- Samsung’ Tizen OS Contains Tons of Critical Security Flaws
Samsung uses Tizen OS in its mobile phones, smart TVs, and smartwatches. Samsung states that Tizen is an open-source OS. According to the company’s November 2016 statistics, the OS was used in 50 million devices including Samsung Gear S3 smartwatch and their Smart TVs. If you are using Tizen OS bad news for you. According to the findings of an Israeli IT security researcher, this OS contains around 40 Critical security flaws. According to the researcher, the Tizen OS is highly vulnerable. The security flaw allows an attacker to gain control of any Samsung device remotely. After controlling, the attacker can easily inject malicious code or malware into a Tizen device, reports MotherBoard.
Cyber Security Tips: Company need to fix the issues as soon as possible, users are recommended to keep a backup of your critical data and once company release patches immediately apply it.
- Google Patches 31 Critical Flaws in Android
From last few days, hackers are targeting Android due to vulnerabilities present in android but ow good news for users. Google recently patched 31 flaws. Google this week released security updates for Android to resolve numerous Critical remote code execution (RCE) and elevation of privilege (EoP) vulnerabilities in the platform. Over 100 vulnerabilities were resolved in Android this month. There were 6 Critical RCE issues affecting Mediaserver; High-risk flaws such as EoPs in CameraBase, Audio servers, and SurfaceFlingerș Information disclosure in Mediaserver; and denial of service (DoS) vulnerabilities in libskia and Mediaserver. The Moderate severity issues included EoP bugs in libnl and Telephony, along with Information disclosure vulnerabilities in Mediaserver, libskia, and Factory Reset. One of the most severe of these vulnerabilities was a RCE issue in Broadcom Wi-Fi firmware according to news published by SecurityWeek.

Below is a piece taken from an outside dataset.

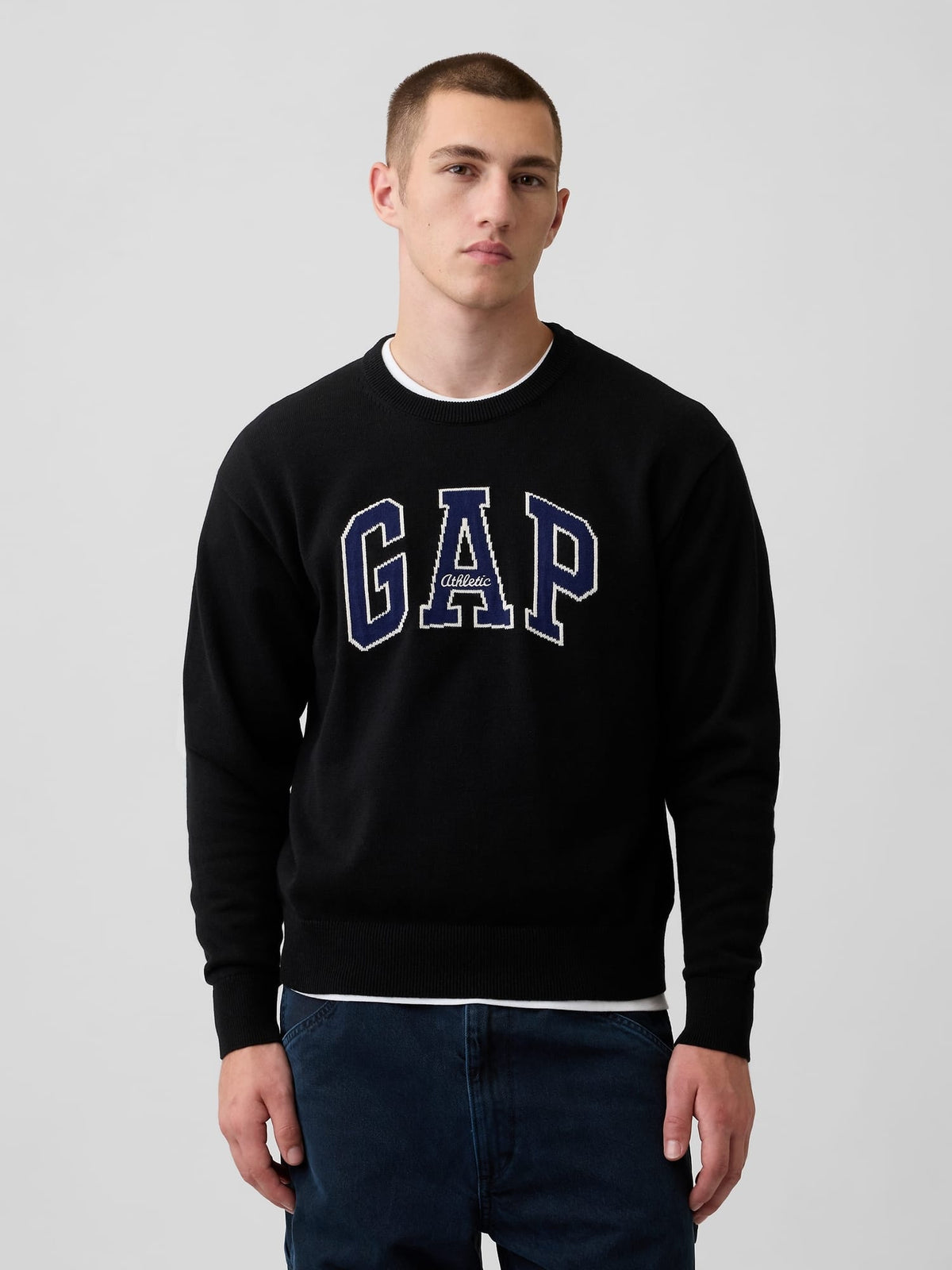 Krem Relaxed Gap Logo Intarsia Kazak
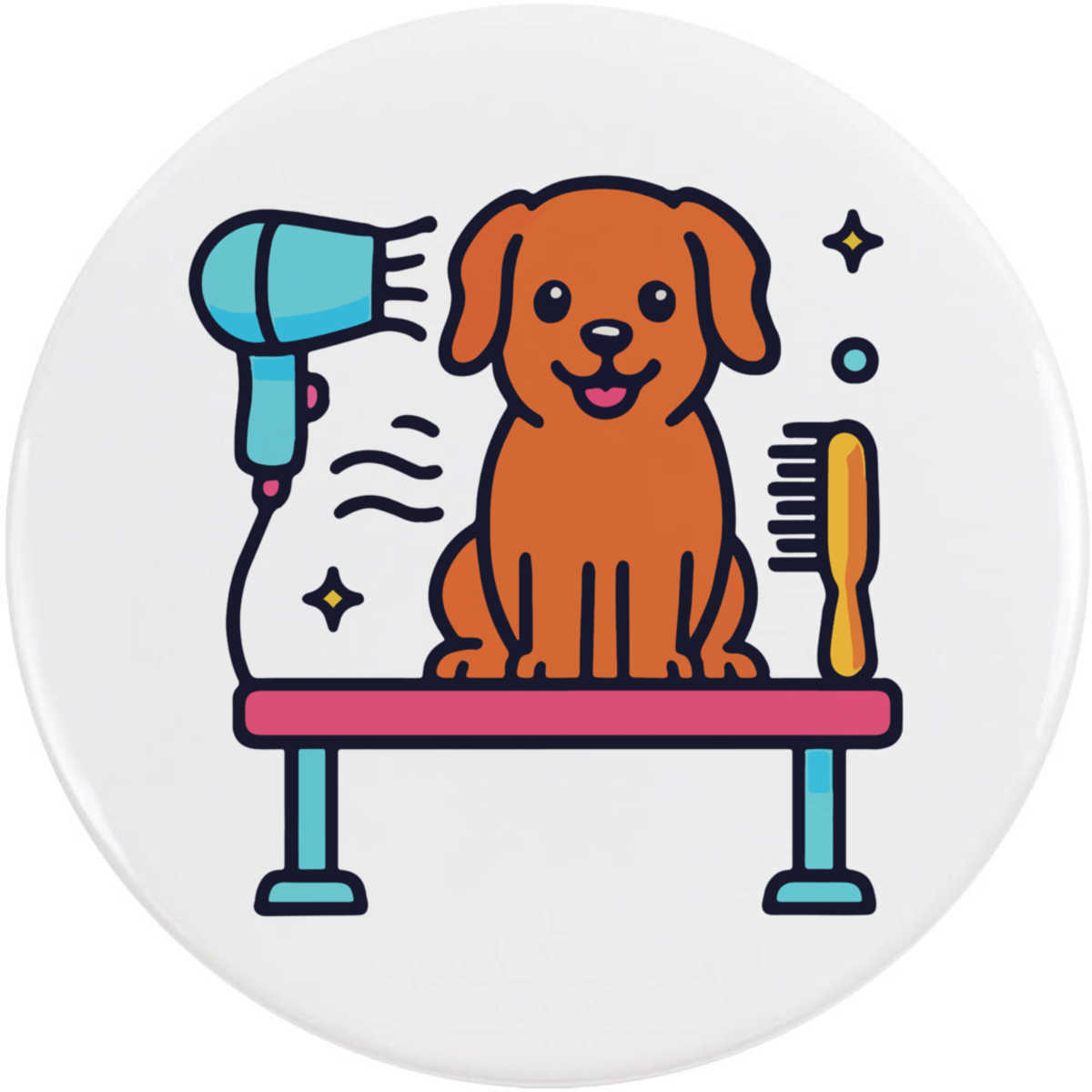 'Dog Grooming Station' Button Badge - 77mm - Pin Back / Lapel Badge for Clothes, Bags, Accessories and Gifts (BB00156114)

Cyber Security Tips: Android users are recommended to update your android with latest patches.
- Flaws in Java AMF Libraries Allow Remote Code Execution
Deserialization-related vulnerabilities found in several Java implementations of AMF3 can be exploited for unauthenticated remote code execution and XXE attacks, warned CERT/CC. The security holes were reported to CERT/CC and vendors by Markus Wulftange, the senior penetration tester at Code White. Patches have been made available for some of the affected products. Serialization is the process where an object is converted to a stream of bytes in order to store or transmit that object to memory or a file. The process in which serialized data is extracted is called deserialization and it can lead to significant security flaws if not handled properly. The flaws allow an attacker to execute code remotely. This security hole is said to affect Atlassian’s JIRA, Exadel’s Flamingo, GraniteDS, Spring spring-flex, and WebORB for Java by Midnight Coders. According to CERT/CC, products from HPE, SonicWall and VMware could also be affected according to report published by SecurityWeek.
Cyber Security Tips: Developers are recommended to use versions of JDK that implement serialization blacklisting filters and ensure that their products properly handle deserialized data from untrusted sources.